One of the rule’s provisions would jeopardize an exemption that many small skilled nursing facilities receive; it enables them to pay little or none of the taxes imposed on larger facilities and other providers of medical care.
The elimination of that exemption could result in the loss of nearly $6 billion a year in federal money for skilled nursing facilities, according to the American Health Care Association.
“I do not see states able to backfill for this sort of fiscal hit,” said Michael Cheek, a senior vice president for the association.
Cheek said he expects closures if the rule goes through. Tom Syverson, director of government and external affairs for the Good Samaritan Society, which operates senior facilities, including skilled nursing centers, in 24 states, agreed.
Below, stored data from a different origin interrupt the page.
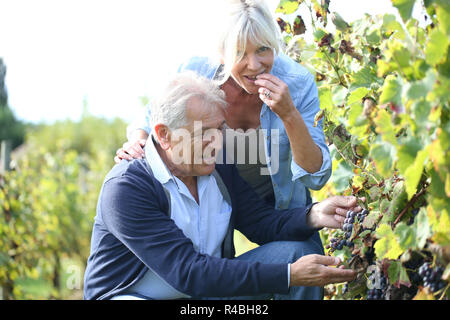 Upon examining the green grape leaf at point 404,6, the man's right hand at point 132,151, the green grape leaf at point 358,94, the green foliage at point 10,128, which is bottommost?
the man's right hand at point 132,151

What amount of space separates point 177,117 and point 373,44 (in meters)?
0.90

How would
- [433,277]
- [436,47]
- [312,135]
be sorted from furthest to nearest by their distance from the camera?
[312,135], [433,277], [436,47]

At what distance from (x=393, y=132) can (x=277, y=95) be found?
3.36 feet

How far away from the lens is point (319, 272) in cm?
240

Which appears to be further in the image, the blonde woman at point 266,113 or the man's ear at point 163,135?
the blonde woman at point 266,113

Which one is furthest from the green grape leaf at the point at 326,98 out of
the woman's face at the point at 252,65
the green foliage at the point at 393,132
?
the woman's face at the point at 252,65

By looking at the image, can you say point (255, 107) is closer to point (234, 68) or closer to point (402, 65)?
point (234, 68)

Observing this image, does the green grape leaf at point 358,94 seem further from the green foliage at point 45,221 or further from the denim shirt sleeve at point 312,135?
the green foliage at point 45,221

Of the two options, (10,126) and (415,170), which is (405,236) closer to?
(415,170)

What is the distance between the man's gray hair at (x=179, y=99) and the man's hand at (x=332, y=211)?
657mm

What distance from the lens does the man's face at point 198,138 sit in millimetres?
2697

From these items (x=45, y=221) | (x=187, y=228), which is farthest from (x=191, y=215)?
(x=45, y=221)

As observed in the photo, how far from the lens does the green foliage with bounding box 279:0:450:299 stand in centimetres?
173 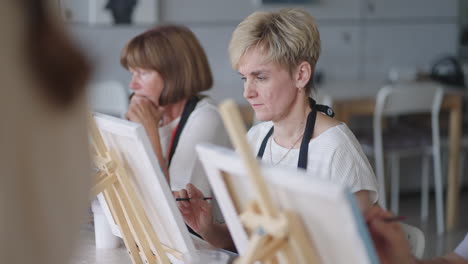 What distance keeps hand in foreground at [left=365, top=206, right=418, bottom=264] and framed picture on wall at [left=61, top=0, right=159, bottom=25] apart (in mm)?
3534

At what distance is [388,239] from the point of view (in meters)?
1.20

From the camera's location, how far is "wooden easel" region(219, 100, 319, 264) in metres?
1.03

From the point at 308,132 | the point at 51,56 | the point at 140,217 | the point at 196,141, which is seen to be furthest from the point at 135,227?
the point at 51,56

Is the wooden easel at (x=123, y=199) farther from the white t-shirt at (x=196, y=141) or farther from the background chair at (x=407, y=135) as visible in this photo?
the background chair at (x=407, y=135)

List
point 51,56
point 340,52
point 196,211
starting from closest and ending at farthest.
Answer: point 51,56
point 196,211
point 340,52

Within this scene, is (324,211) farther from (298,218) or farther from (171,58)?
(171,58)

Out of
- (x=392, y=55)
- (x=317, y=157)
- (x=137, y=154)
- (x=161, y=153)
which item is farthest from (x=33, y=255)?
(x=392, y=55)

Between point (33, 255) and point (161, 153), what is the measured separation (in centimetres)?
185

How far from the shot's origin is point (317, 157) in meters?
1.92

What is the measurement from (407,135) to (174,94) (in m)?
2.13

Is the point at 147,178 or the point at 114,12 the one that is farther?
the point at 114,12

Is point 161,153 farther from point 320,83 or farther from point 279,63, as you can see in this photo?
point 320,83

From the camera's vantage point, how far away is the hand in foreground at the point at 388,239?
120 centimetres

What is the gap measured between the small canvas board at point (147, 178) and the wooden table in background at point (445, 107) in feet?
8.13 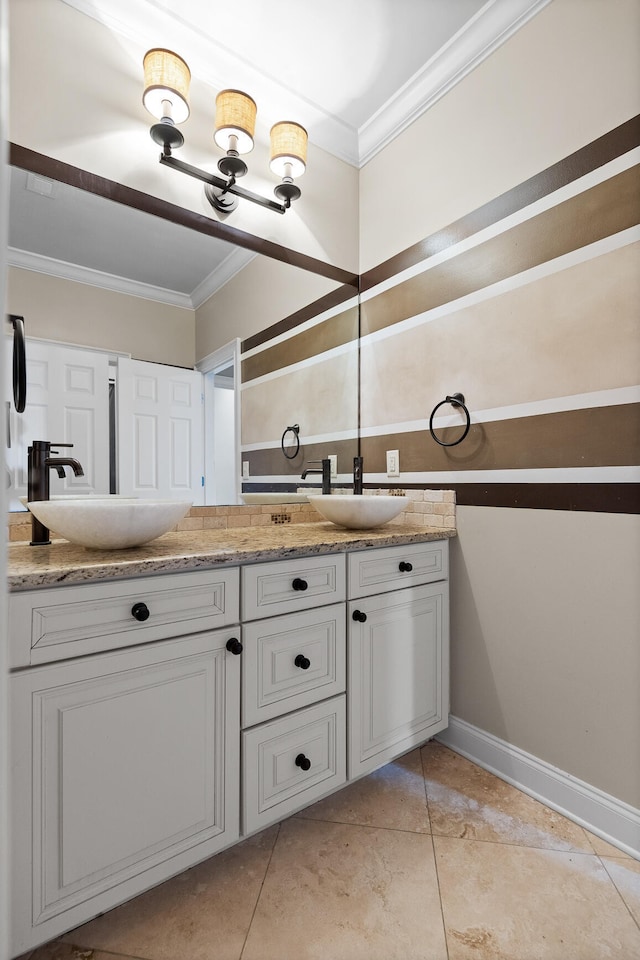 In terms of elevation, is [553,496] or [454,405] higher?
[454,405]

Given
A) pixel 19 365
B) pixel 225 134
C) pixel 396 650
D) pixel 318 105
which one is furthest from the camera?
pixel 318 105

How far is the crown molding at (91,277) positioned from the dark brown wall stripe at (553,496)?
4.08 ft

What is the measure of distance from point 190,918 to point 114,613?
78 cm

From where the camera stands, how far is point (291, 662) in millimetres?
1333

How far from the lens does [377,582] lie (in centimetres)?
154

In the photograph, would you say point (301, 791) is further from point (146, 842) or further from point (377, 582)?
point (377, 582)

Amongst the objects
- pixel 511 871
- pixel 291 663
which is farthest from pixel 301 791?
pixel 511 871

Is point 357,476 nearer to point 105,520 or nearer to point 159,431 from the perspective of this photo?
point 159,431

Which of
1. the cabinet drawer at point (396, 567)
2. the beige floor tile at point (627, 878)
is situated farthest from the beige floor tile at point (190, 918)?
the beige floor tile at point (627, 878)

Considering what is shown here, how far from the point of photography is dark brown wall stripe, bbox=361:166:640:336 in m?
1.33

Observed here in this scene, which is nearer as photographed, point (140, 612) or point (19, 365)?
point (140, 612)

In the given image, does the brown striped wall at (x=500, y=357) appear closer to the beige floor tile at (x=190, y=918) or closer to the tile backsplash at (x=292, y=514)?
the tile backsplash at (x=292, y=514)

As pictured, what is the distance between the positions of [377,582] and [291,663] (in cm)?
39

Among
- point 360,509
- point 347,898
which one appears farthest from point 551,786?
point 360,509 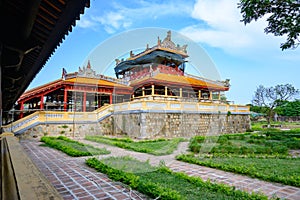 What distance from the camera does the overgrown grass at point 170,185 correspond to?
305cm

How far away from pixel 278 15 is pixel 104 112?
12.2m

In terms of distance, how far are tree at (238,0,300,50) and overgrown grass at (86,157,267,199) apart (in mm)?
9551

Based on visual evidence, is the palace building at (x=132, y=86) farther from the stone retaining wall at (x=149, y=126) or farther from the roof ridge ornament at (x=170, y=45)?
the stone retaining wall at (x=149, y=126)

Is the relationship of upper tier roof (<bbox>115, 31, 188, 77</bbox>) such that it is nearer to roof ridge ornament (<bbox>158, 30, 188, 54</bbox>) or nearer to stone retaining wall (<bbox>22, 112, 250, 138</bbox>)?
roof ridge ornament (<bbox>158, 30, 188, 54</bbox>)

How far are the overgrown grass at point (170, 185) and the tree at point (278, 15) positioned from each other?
31.3 ft

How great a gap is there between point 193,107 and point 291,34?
6.91m

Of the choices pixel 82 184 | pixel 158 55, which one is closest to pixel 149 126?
pixel 82 184

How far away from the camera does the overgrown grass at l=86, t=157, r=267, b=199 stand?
3.05 meters

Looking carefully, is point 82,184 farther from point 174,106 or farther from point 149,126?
point 174,106

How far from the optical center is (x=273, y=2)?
31.9 ft

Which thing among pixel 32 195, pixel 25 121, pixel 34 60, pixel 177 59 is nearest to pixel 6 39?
pixel 34 60

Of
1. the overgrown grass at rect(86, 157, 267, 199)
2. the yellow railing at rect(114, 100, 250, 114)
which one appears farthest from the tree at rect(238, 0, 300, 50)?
the overgrown grass at rect(86, 157, 267, 199)

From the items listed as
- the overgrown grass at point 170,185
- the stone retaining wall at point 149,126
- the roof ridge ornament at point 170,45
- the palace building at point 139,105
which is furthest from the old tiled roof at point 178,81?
the overgrown grass at point 170,185

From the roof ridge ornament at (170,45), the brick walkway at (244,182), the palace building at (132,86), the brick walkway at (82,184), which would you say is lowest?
the brick walkway at (244,182) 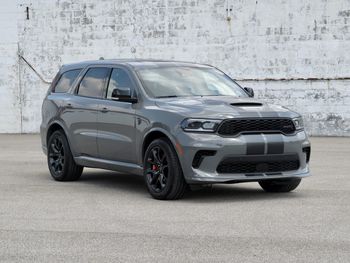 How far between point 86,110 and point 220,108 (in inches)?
102

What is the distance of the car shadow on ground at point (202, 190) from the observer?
10414mm

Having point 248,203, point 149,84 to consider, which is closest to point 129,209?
point 248,203

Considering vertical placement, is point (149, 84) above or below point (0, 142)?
above

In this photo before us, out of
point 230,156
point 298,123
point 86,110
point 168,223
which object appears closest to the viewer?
point 168,223

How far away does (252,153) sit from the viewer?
9812 millimetres

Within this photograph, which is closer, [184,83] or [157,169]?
[157,169]

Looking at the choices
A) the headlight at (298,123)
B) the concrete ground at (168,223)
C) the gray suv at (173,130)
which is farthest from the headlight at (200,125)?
the headlight at (298,123)

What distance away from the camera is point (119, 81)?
37.6 feet

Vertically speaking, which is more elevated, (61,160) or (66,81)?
(66,81)

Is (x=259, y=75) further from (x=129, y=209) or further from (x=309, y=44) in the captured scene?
(x=129, y=209)

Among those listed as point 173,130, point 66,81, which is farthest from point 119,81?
point 173,130

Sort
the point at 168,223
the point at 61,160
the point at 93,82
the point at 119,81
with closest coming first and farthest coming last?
the point at 168,223
the point at 119,81
the point at 93,82
the point at 61,160

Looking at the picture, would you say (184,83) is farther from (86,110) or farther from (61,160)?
(61,160)

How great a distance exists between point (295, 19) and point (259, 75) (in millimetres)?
1942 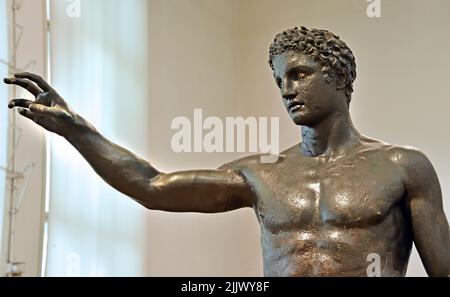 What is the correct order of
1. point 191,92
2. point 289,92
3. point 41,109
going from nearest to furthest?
point 41,109, point 289,92, point 191,92

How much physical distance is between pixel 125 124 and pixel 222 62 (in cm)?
140

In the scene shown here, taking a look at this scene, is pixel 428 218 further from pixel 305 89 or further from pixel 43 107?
pixel 43 107

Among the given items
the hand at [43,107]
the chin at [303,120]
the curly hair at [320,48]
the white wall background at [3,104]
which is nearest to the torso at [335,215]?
the chin at [303,120]

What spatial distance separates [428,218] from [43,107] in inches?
37.5

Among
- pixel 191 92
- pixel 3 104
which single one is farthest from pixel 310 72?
pixel 191 92

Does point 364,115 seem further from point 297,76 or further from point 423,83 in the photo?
point 297,76

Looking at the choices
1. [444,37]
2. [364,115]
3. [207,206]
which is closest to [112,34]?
[364,115]

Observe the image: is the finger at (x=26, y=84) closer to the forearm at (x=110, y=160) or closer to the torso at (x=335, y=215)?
the forearm at (x=110, y=160)

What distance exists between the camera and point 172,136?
5.63 meters

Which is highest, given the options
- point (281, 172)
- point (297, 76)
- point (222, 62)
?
point (222, 62)

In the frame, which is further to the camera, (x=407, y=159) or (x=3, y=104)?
(x=3, y=104)

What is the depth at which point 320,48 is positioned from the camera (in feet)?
8.13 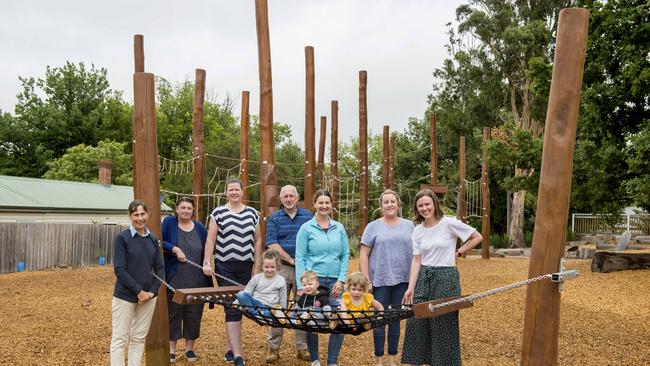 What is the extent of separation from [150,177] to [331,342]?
1.96m

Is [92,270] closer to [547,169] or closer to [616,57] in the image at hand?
[616,57]

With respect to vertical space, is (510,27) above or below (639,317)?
above

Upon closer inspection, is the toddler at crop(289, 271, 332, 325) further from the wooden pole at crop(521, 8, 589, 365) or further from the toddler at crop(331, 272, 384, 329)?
the wooden pole at crop(521, 8, 589, 365)

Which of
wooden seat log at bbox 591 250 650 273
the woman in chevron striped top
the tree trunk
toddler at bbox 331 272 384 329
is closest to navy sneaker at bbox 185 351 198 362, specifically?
the woman in chevron striped top

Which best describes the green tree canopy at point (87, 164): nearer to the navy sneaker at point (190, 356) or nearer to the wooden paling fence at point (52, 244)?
the wooden paling fence at point (52, 244)

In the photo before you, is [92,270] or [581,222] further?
[581,222]

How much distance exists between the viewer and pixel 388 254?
221 inches

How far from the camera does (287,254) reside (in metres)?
6.21

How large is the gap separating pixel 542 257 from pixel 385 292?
5.29ft

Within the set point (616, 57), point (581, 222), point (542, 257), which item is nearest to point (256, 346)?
point (542, 257)

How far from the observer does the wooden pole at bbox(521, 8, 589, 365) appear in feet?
14.4

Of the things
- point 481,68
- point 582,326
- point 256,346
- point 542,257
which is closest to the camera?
point 542,257

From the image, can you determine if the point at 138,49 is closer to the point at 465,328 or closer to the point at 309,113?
the point at 309,113

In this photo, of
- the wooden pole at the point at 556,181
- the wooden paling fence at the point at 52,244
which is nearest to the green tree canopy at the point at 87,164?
the wooden paling fence at the point at 52,244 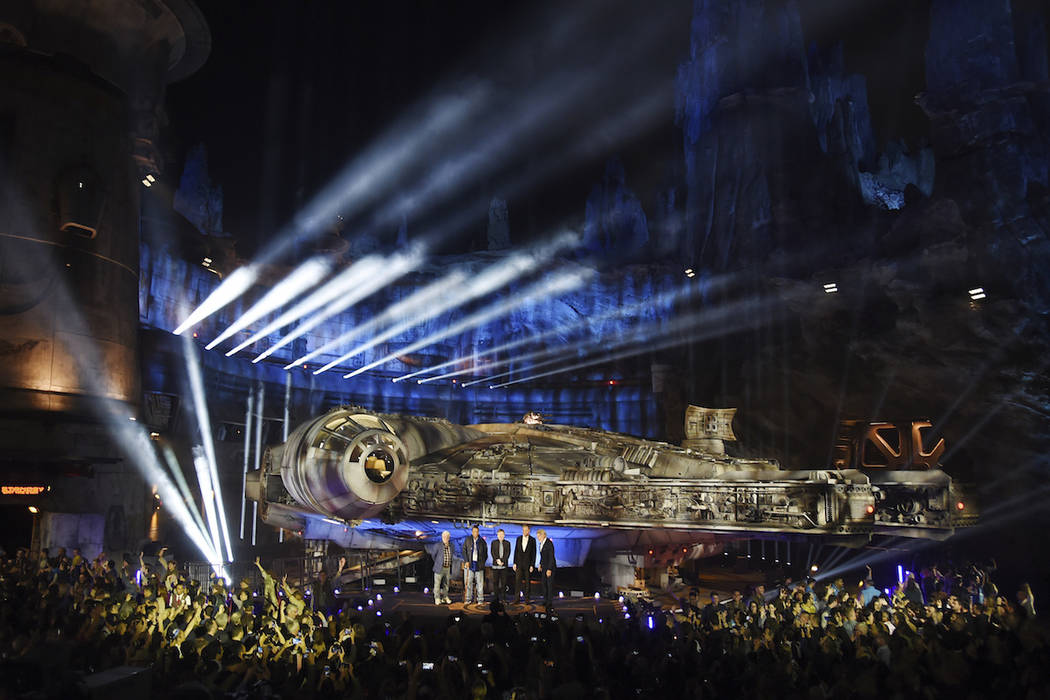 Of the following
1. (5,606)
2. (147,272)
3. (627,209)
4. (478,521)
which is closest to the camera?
(5,606)

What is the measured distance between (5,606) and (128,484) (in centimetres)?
1716

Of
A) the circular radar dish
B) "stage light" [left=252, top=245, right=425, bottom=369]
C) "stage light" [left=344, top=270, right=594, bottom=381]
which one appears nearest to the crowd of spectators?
the circular radar dish

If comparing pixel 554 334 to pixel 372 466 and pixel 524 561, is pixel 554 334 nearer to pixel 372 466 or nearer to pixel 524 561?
pixel 372 466

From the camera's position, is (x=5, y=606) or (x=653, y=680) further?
(x=5, y=606)

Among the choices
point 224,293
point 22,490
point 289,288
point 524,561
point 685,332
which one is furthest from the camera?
point 289,288

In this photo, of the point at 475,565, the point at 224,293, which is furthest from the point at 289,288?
the point at 475,565

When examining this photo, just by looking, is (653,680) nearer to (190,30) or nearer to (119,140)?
(119,140)

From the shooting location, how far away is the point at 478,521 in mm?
19000

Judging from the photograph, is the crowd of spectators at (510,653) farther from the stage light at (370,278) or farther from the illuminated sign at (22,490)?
the stage light at (370,278)

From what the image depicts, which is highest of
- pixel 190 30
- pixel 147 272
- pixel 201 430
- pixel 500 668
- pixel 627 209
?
pixel 627 209

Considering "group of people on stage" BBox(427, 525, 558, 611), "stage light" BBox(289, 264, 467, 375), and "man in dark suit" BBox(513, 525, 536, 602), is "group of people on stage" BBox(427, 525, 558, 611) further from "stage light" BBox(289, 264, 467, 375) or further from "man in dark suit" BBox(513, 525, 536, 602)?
"stage light" BBox(289, 264, 467, 375)

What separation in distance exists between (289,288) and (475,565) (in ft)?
106

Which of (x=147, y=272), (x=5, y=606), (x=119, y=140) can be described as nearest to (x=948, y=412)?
(x=5, y=606)

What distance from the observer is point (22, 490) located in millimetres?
21922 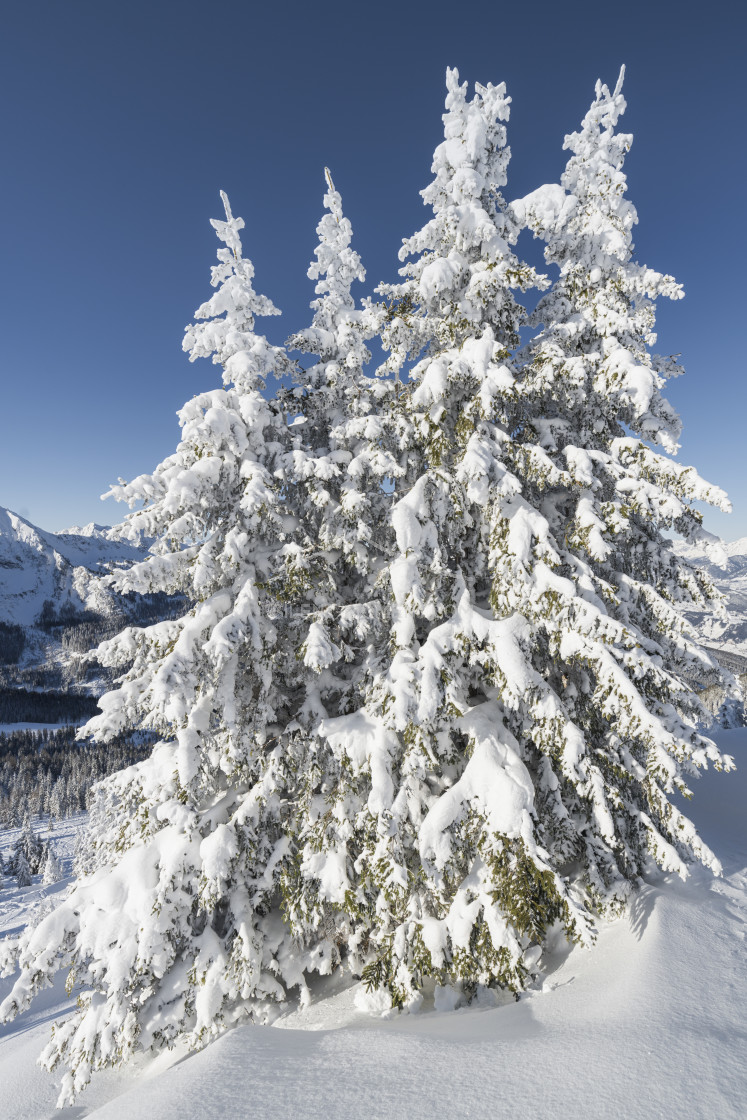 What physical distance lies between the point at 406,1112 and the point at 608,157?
1538cm

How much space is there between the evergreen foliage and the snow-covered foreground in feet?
2.14

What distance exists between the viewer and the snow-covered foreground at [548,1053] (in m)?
4.20

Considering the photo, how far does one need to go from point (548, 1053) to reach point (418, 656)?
15.6 feet

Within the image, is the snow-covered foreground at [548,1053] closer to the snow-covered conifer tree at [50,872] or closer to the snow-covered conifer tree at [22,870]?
the snow-covered conifer tree at [50,872]

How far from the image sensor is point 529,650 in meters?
7.75

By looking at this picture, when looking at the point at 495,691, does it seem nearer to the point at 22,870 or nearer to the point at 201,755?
the point at 201,755

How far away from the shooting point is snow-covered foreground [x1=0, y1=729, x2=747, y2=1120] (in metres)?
4.20

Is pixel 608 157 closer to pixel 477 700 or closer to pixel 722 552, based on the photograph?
pixel 722 552

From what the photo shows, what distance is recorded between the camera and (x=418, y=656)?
321 inches

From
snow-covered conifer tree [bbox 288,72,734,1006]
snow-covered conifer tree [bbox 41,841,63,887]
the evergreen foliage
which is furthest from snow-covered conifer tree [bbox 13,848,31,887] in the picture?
snow-covered conifer tree [bbox 288,72,734,1006]

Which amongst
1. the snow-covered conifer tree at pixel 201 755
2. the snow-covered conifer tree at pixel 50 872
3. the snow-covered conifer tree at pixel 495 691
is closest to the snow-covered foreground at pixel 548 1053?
the snow-covered conifer tree at pixel 495 691

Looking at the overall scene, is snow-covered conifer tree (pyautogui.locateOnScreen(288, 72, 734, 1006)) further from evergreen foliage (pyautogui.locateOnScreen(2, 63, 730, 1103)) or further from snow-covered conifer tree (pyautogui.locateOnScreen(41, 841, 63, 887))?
snow-covered conifer tree (pyautogui.locateOnScreen(41, 841, 63, 887))

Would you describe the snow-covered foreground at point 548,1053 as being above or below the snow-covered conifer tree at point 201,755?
below

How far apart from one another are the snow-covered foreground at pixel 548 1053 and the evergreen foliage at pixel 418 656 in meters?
0.65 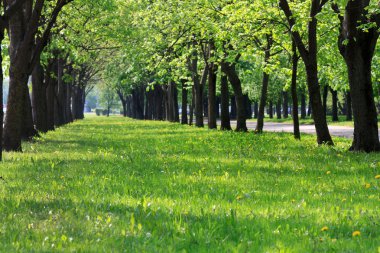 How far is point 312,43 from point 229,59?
588 centimetres

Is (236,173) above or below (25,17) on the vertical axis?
below

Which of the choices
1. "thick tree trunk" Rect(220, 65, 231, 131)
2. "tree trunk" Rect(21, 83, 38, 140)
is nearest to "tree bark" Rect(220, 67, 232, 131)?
"thick tree trunk" Rect(220, 65, 231, 131)

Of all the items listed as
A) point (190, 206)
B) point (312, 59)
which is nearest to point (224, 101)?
point (312, 59)

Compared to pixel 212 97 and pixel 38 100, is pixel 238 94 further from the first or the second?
pixel 38 100

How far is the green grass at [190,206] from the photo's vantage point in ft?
18.2

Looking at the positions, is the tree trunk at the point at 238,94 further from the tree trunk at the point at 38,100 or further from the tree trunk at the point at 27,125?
the tree trunk at the point at 27,125

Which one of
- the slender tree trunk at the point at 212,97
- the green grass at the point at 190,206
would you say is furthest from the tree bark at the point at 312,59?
the slender tree trunk at the point at 212,97

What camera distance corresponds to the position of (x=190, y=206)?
291 inches

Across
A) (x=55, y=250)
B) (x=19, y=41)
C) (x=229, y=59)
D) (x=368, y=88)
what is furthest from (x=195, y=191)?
(x=229, y=59)

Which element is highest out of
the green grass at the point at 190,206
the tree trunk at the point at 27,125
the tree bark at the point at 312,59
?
the tree bark at the point at 312,59

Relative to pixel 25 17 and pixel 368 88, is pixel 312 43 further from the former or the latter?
pixel 25 17

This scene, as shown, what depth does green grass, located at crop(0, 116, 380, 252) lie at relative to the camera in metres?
5.54

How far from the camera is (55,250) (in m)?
5.18

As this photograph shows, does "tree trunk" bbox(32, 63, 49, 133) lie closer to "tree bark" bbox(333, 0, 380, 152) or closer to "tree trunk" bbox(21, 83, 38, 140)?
"tree trunk" bbox(21, 83, 38, 140)
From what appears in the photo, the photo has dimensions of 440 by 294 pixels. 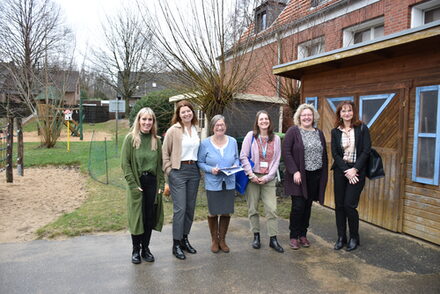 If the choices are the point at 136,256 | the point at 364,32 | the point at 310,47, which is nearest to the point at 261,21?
the point at 310,47

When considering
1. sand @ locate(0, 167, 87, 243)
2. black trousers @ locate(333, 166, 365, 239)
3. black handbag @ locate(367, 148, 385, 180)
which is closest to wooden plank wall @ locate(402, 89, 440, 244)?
black handbag @ locate(367, 148, 385, 180)

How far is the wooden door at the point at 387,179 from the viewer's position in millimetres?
4902

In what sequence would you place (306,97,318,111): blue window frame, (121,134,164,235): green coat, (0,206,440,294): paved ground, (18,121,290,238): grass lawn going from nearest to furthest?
1. (0,206,440,294): paved ground
2. (121,134,164,235): green coat
3. (18,121,290,238): grass lawn
4. (306,97,318,111): blue window frame

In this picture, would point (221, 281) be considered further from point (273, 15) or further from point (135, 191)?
point (273, 15)

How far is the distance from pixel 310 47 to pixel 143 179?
736 cm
“The industry is already struggling to break even,” he said. If the rule is implemented, “there will be locations that will close, especially in rural areas.” The result, he said, will be a shortage of spots in facilities and patients having to live farther from their homes.
Tim Ottinger, director of government relations for CHI St. Luke’s Health in Houston, said the hospitals of Harris County, in which Houston is located, estimate that the rule will cost them a total of $500 million a year in lost revenue.
“The amount of money that we’ll lose is too much to say, ‘We’ll just bear down and get through it with only small reductions,’” he said. “Programs would have to be downscaled, like women’s maternity and neonatal services and trauma networks.
“Everyone will be affected by the losses.”